REPUBLIKA.CO.ID, JAKARTA -- Ekonom memprediksi pertumbuhan ekonomi Indonesia masih di atas level 6-6,2 persen meskipun pertumbuhan ekonomi global hanya sekitar 2,6 persen pada 2013.
Meningkatnya pertumbuhan ekonomi Indonesia ikut mempengaruhi nilai tukar rupiah terhadap dolar AS di kisaran Rp 9.600.
Namun agar pertumbuhan ekonomi Indonesia bisa stabil di angka 6 persen, perlu ada fokus pengkajian pada subsidi dan reformasi struktural.
Head of Global Market HSBC Indonesia, Ali Setiawan, mengungkapkan banyak hal yang dapat membuat nilai tukar rupiah fluktuatif, salah satunya adalah harga bahan bakar minyak (BBM). Konsumsi dan kebutuhan yang semakin bertumbuh akan menyebabkan pelemahan nilai tukar rupiah.
"Belum lagi kalau ada kenaikan harga minyak," kata Ali di Jakarta, Kamis (6/12).

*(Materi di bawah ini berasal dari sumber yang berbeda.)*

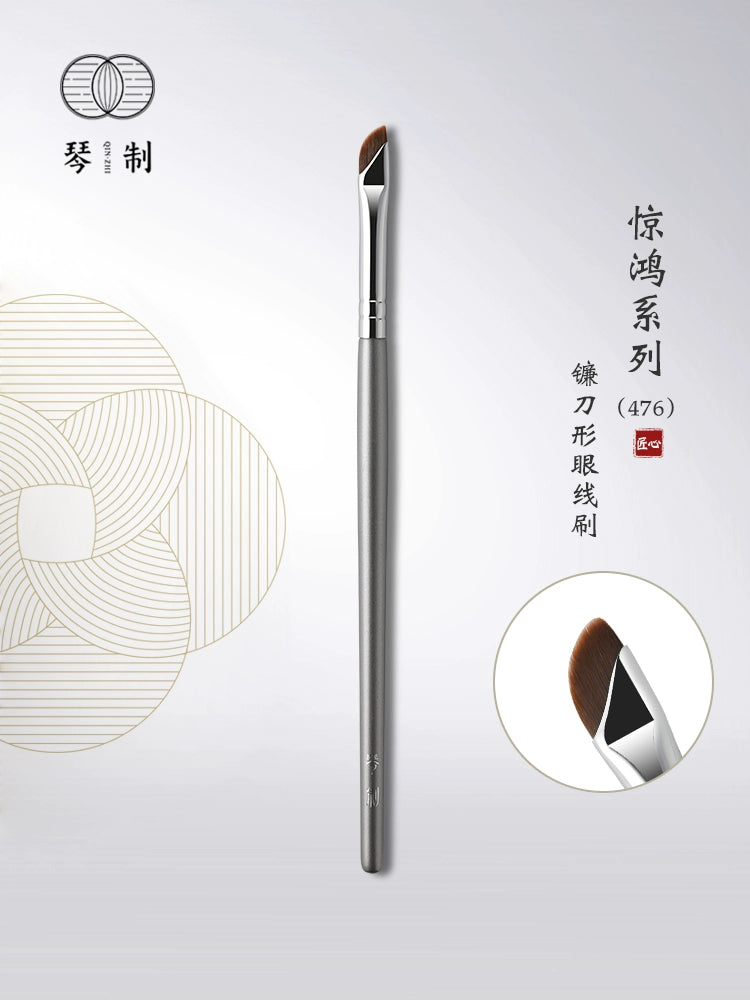 Large Scythe-Shaped Eyelid Makeup Brush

Selain itu ekspor juga memberi pengaruh pada nilai tukar rupiah. Ali mengatakan bila ekspor belum juga mengalami perbaikan, maka rupiah akan sulit menguat. Perlambatan ekspor ini akan berpengaruh pada peningkatan permintaan valuta asing.
Untungnya dalam beberapa bulan terakhir ekspor terus membaik. Oleh karena itu ia memprediksi nilai tukar rupiah tahun depan bisa di kisaran Rp 9.600. Di akhir tahun ia meyakini nilai tukar rupiah akan mencapai Rp 9.800.
Pergerakan rupiah ini akan menjadi salah satu perhatian utama investor untuk berinvestasi di indonesia. Selain melihat fundamentalisme nilai tukar rupiah, investor juga melihat adanya perbaikan infrastruktur dan iklim investasi yang kondusif. Hal ini akan menjaring lebih banyak investasi di Indonesia.
"Investasi merupakan penggerak ekonomi di masa depan," kata Ali.